■ **Provided records**:
__________

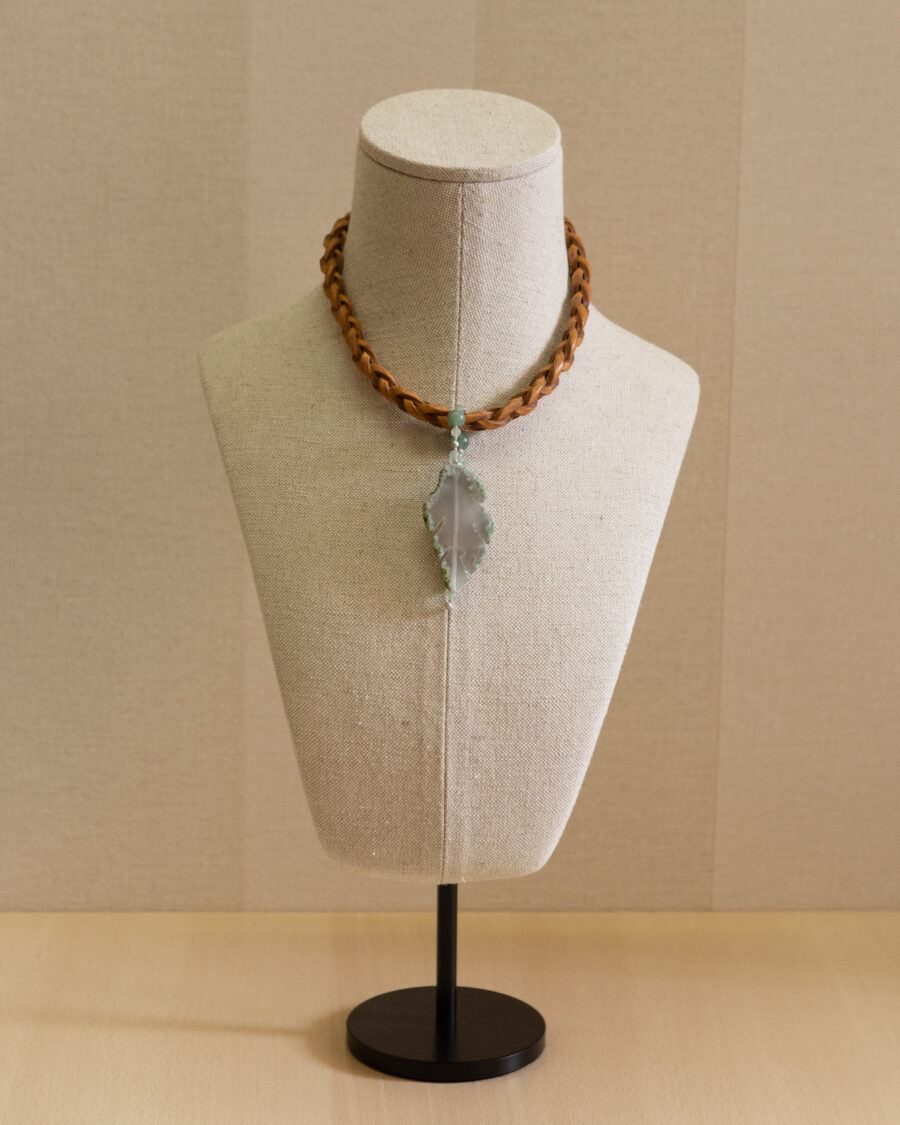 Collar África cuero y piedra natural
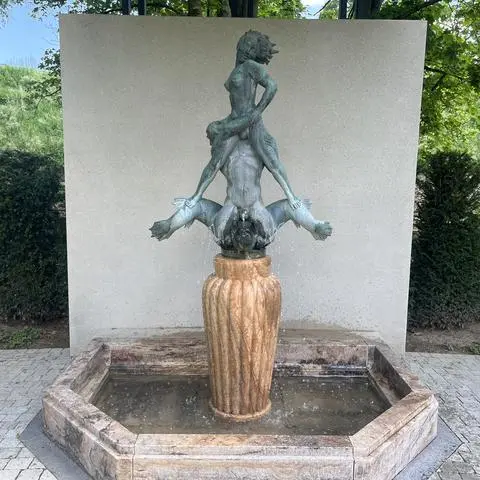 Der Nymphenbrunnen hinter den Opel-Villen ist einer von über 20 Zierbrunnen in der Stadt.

__________

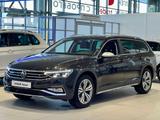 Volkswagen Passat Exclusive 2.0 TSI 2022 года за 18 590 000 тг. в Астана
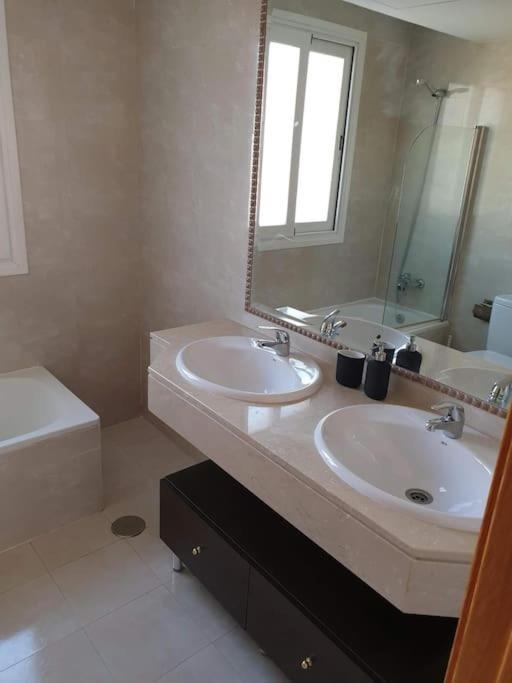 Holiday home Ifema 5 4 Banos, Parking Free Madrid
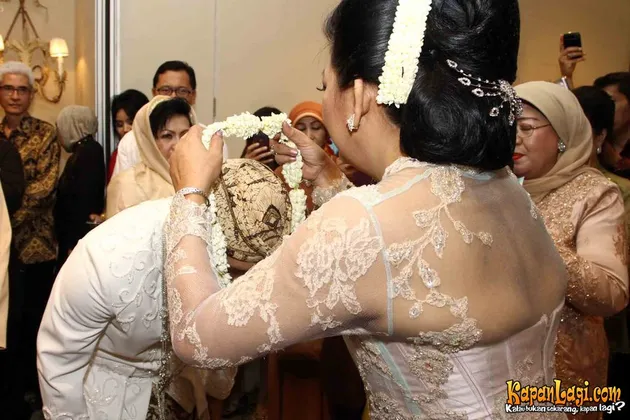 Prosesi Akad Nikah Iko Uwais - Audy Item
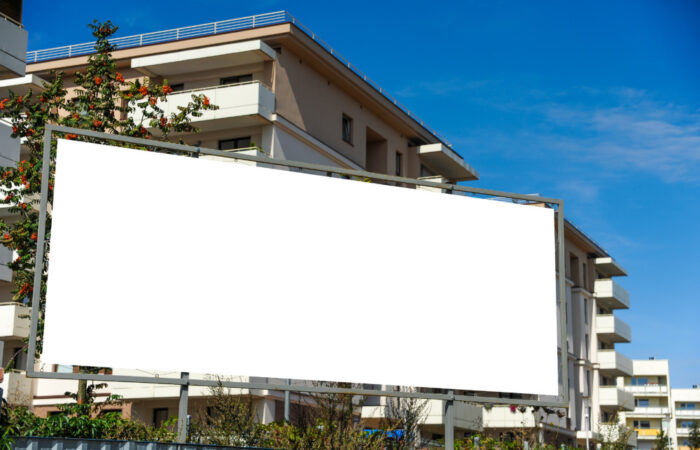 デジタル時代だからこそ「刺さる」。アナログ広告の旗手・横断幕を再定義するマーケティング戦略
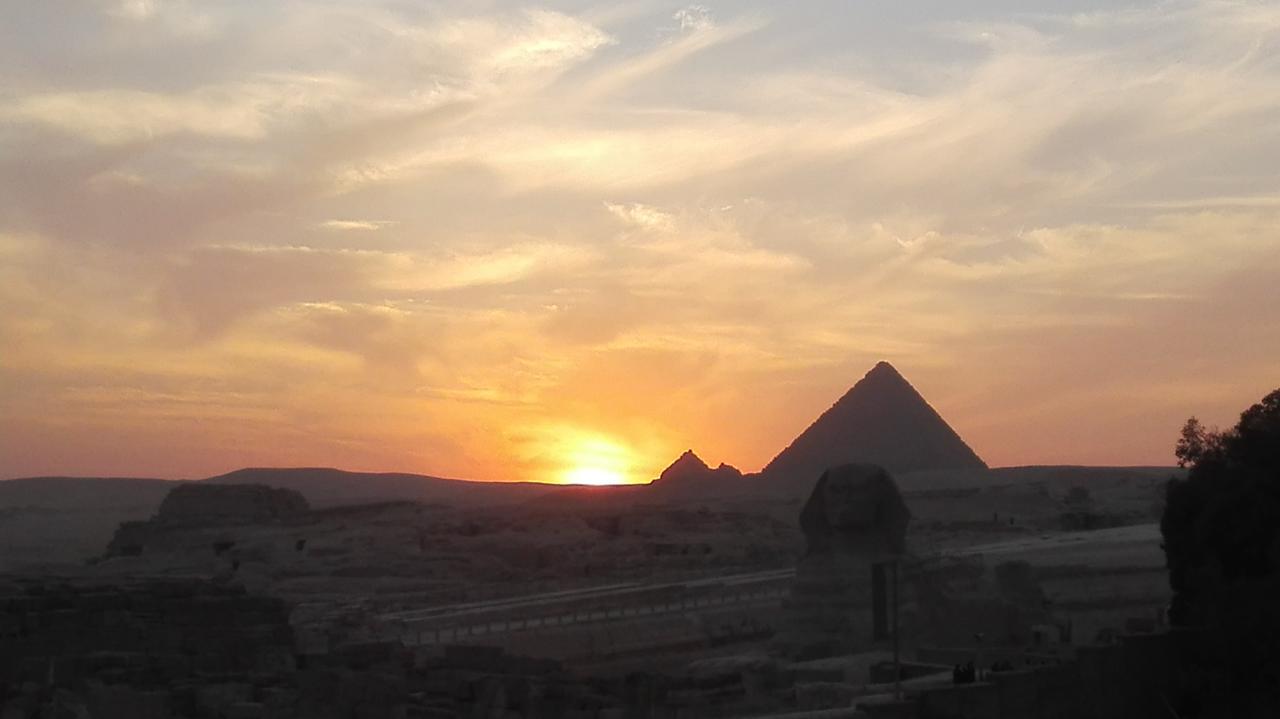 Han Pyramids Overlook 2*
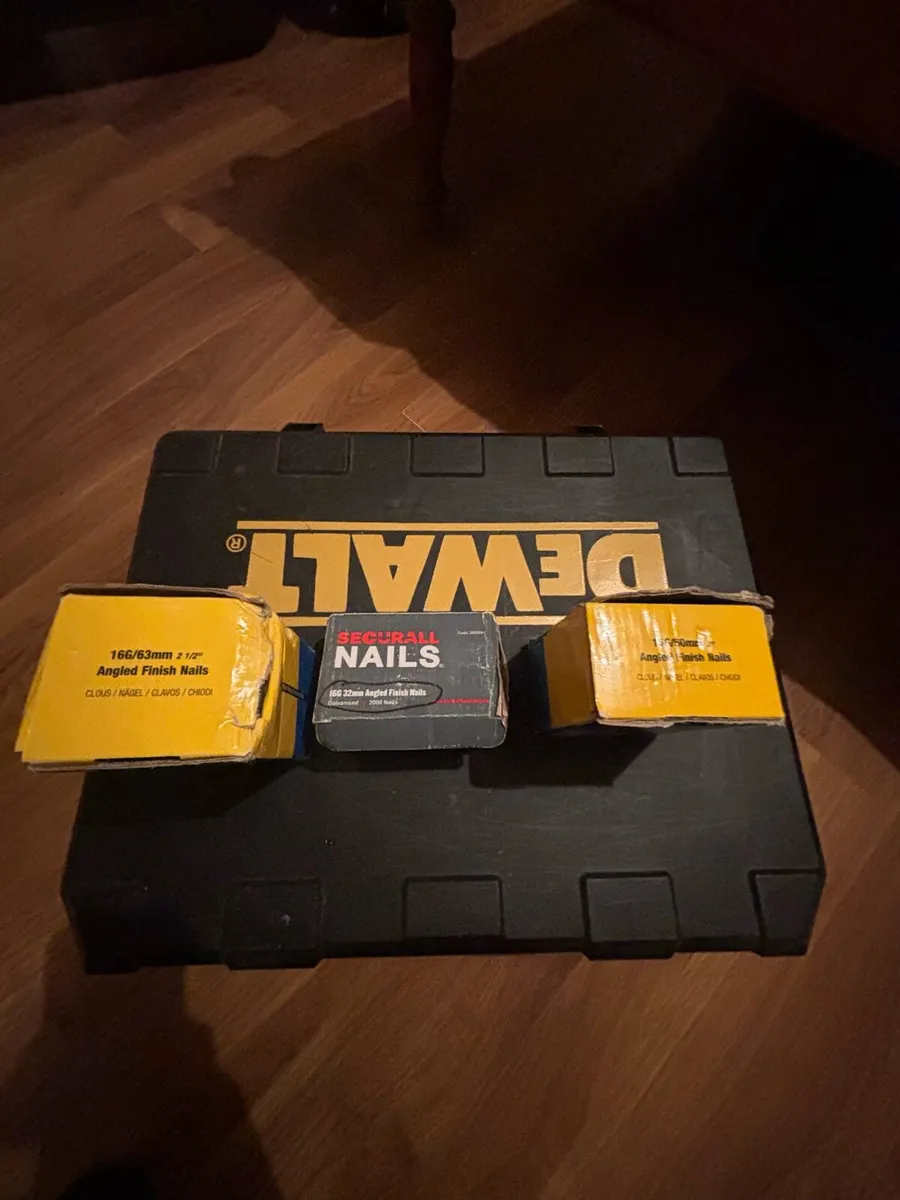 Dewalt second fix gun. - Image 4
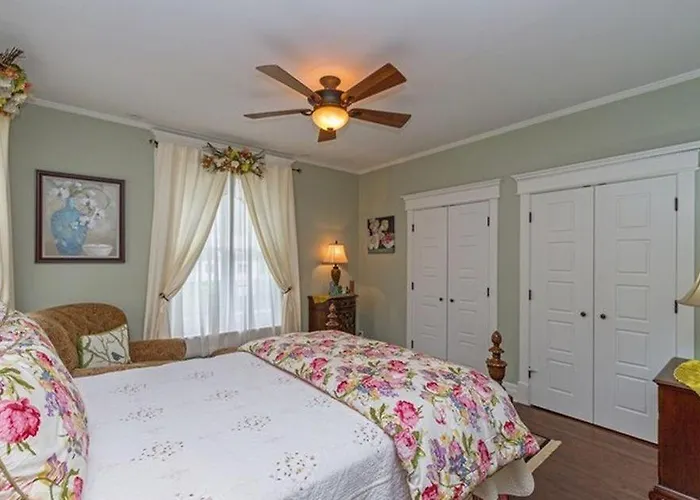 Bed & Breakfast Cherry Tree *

__________

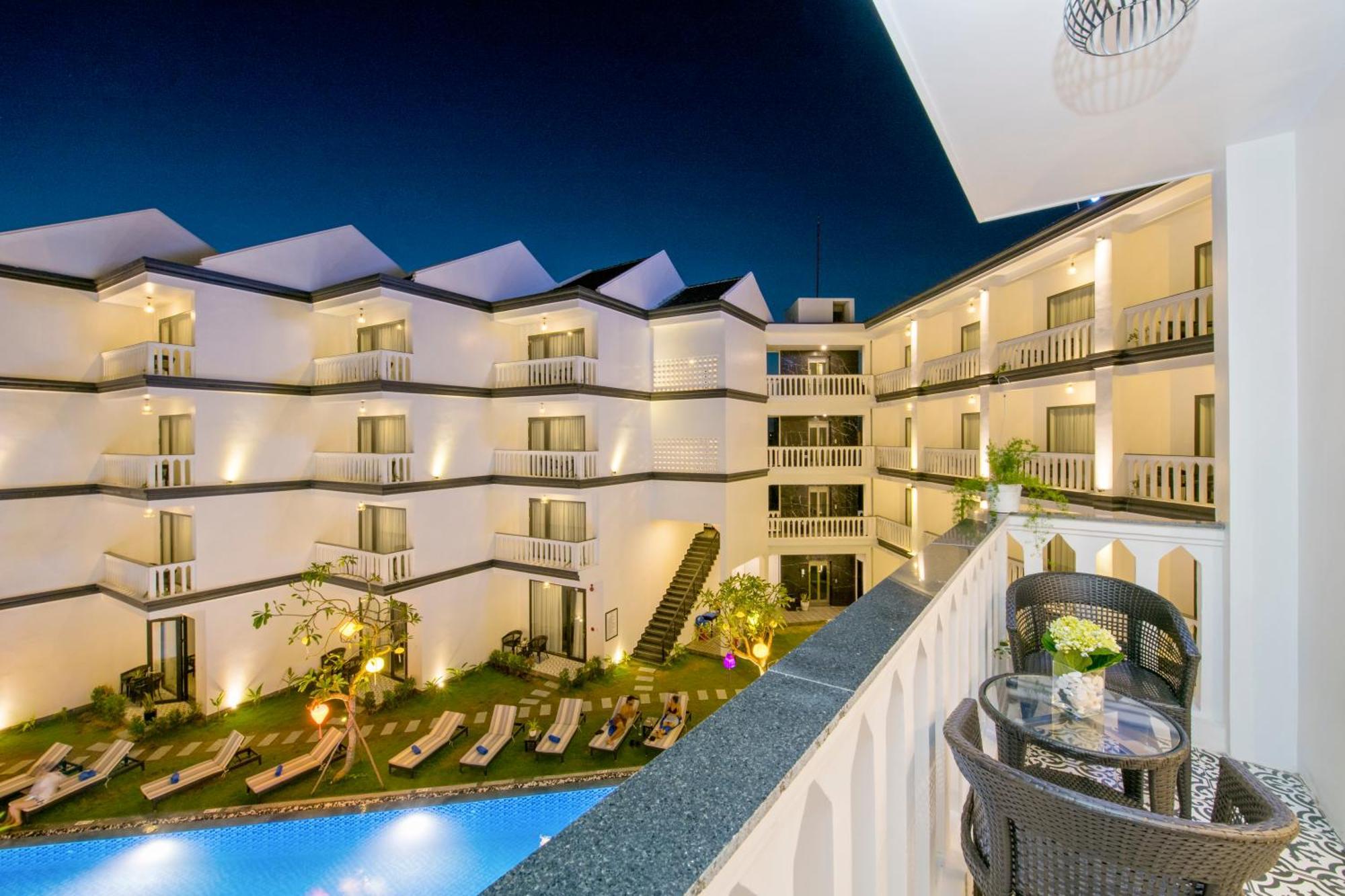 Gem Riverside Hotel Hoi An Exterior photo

__________

■ **Directions**: Repeat exactly the lines above, from the line that contains "Collar África cuero y piedra natural" down through the line that contains "Der Nymphenbrunnen hinter". Include both of those lines and none of the pictures.

■ **Answer to this problem**:
 Collar África cuero y piedra natural
 Der Nymphenbrunnen hinter den Opel-Villen ist einer von über 20 Zierbrunnen in der Stadt.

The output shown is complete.